Task details: Setting pictures aside, output exactly the lines from the start of the records to the line with "Casca Berik FF871 Mapuro alb/rosu fluo/negru", that line included.

Crawled caption data
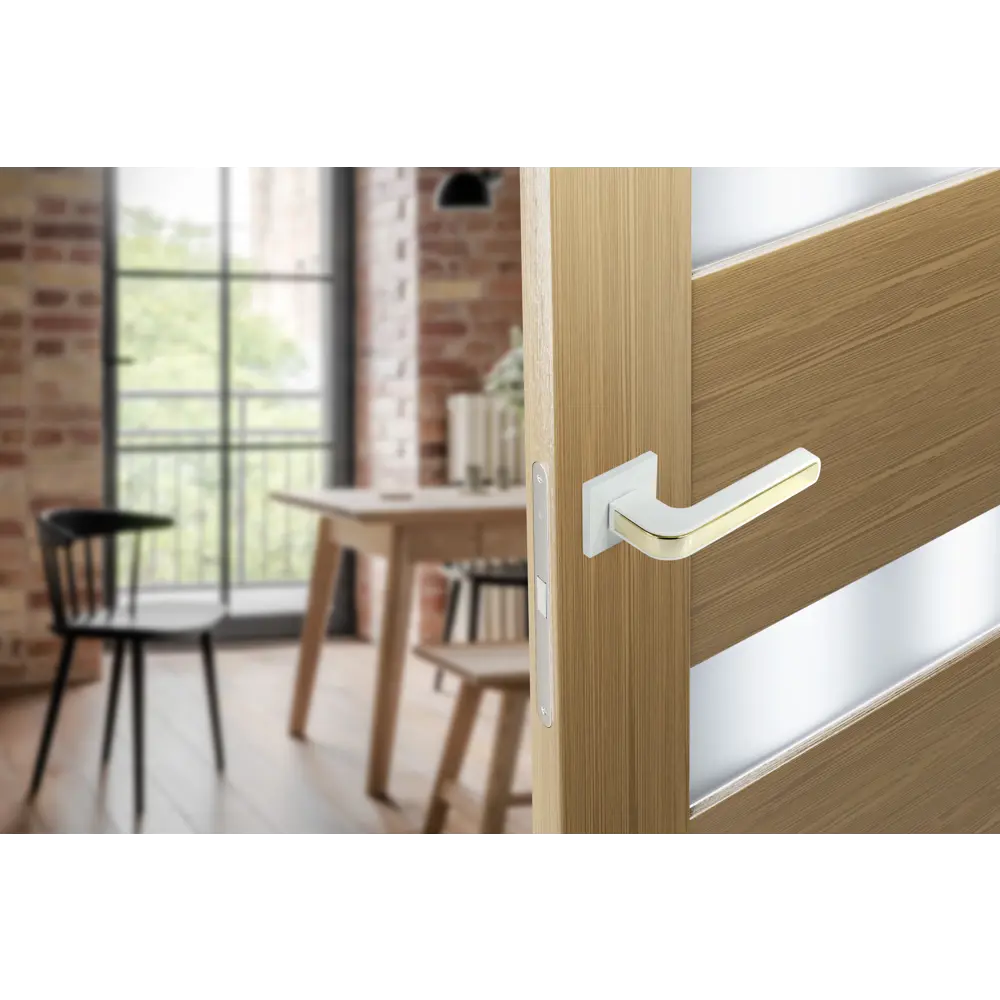 Дверные ручки Edson EDS-174B-Q2 белые для межкомнатных дверей 85170514 STLM-0059410 - Вид №8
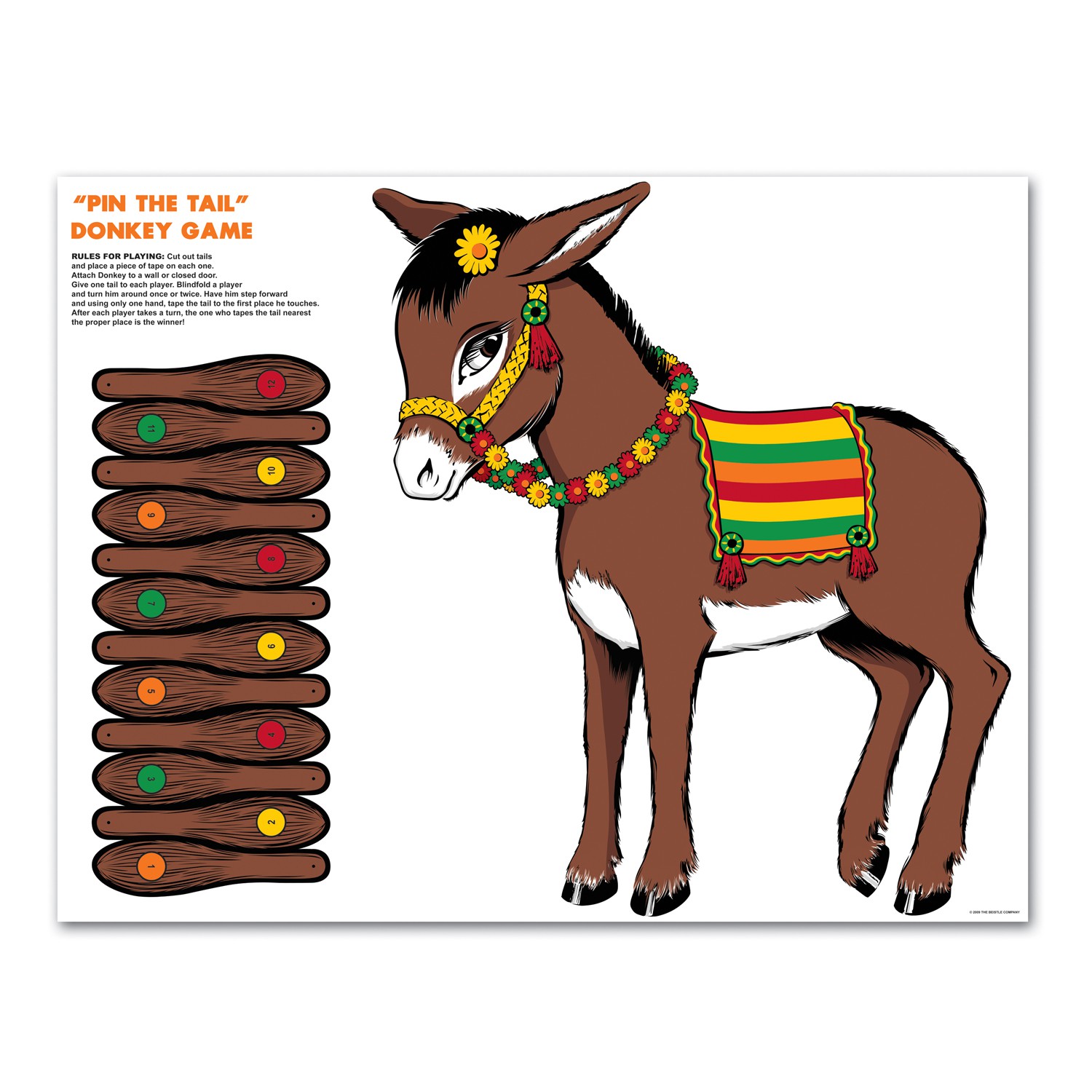 2 Best Images Of Pin The Tail On The Donkey Printable Printable Pin 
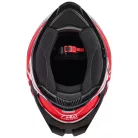 Casca Berik FF871 Mapuro alb/rosu fluo/negru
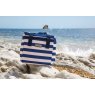 KitchenCraft Lulworth Nautical-Striped Small Cool Bag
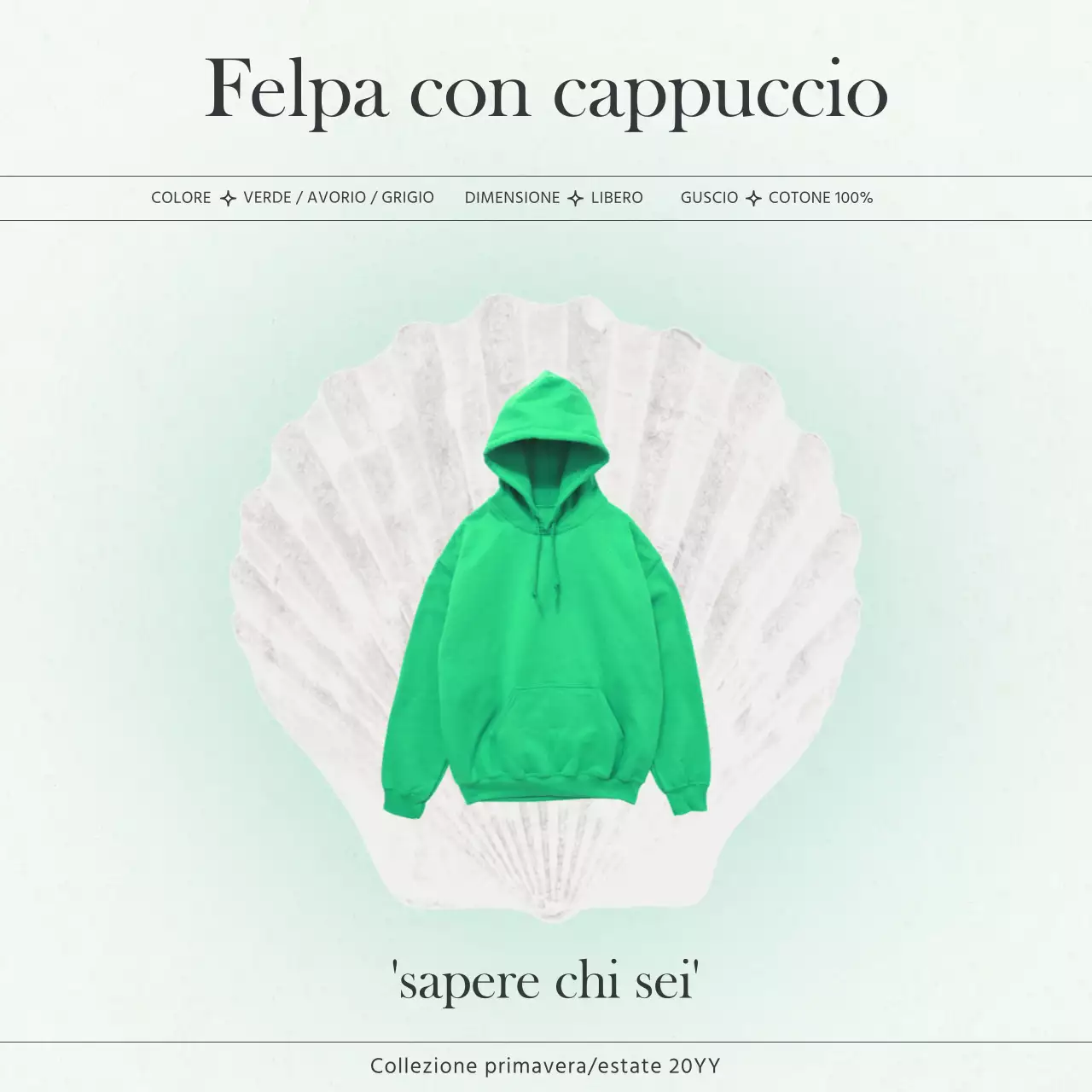 Promuovete una semplice suite di social media brandizzata in blu.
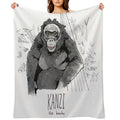 Kanzi The Bonobo Lightweight Throw Blanket
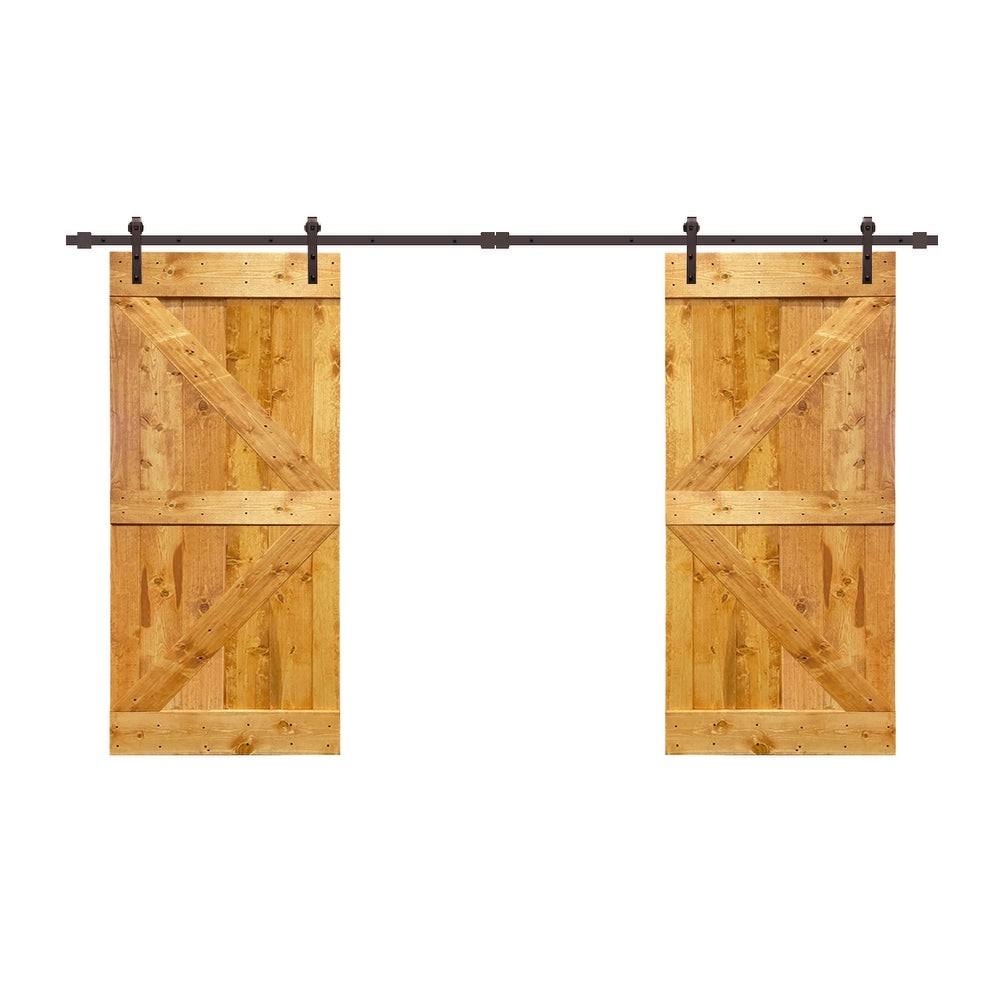 White 60 x 84 Barn Door with Hardware Kit A8920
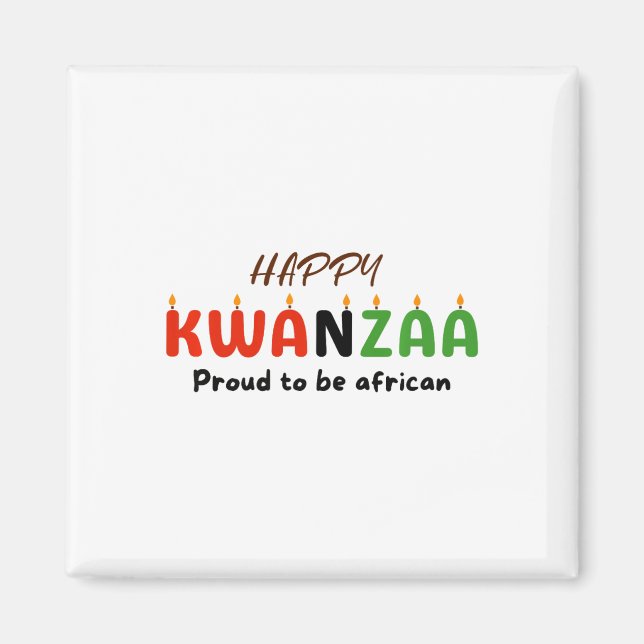 Imán Día de Kwanzaa (Frente)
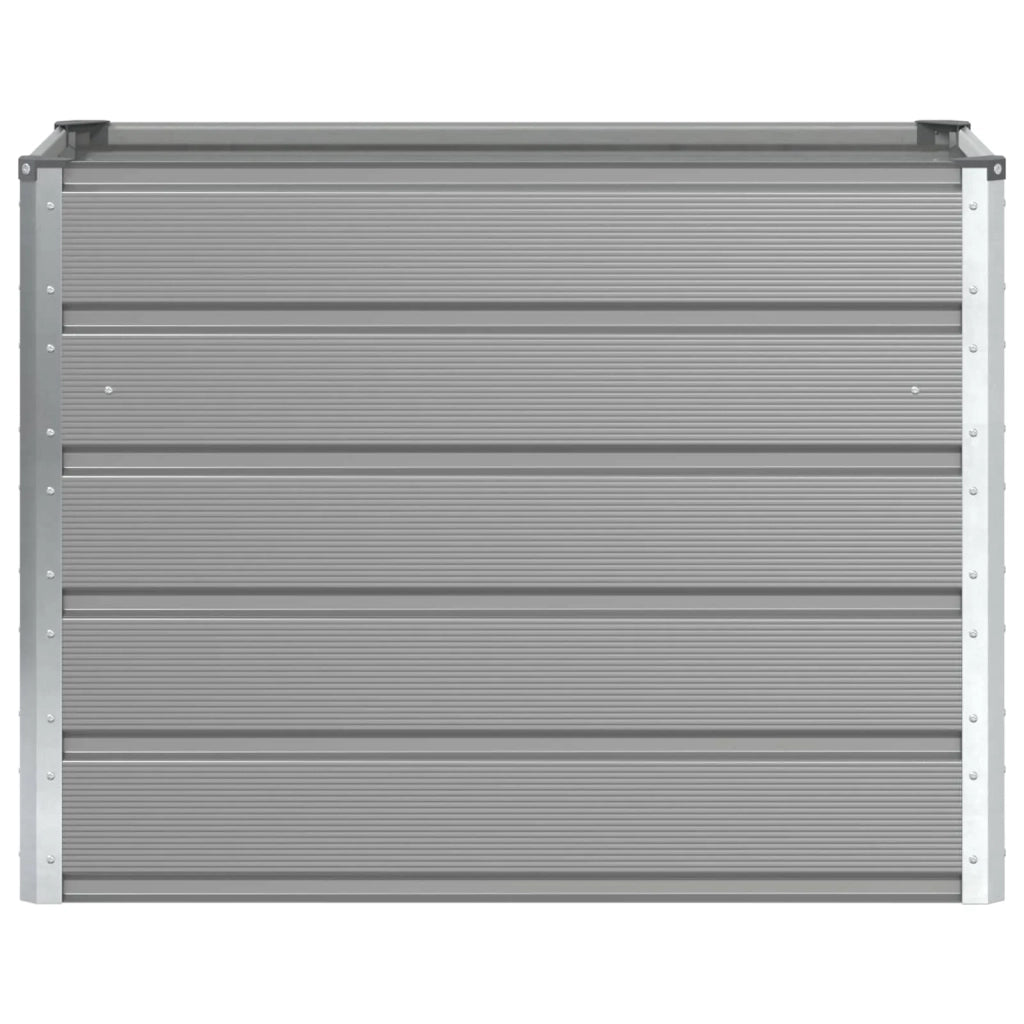 Fioriera Grigio chiaro 100 x 50 x 77 cm Acciaio zincato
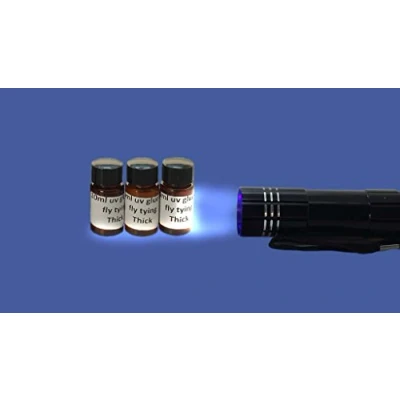 Image of MM 30ml Thick Fly Tying UV Resin, Glue and 9 LED Strong Torch, Fishing
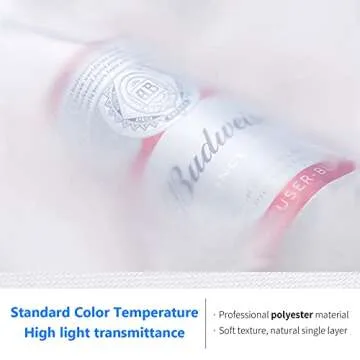 Neewer 2 Yard x 60 Inch/1.8M x 1.5M Polyester White Seamless Diffusion Fabric for Photography Softbox,Light Tent and Lighting Light Modifier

Response:
 Дверные ручки Edson EDS-174B-Q2 белые для межкомнатных дверей 85170514 STLM-0059410 - Вид №8
 2 Best Images Of Pin The Tail On The Donkey Printable Printable Pin 
 Casca Berik FF871 Mapuro alb/rosu fluo/negru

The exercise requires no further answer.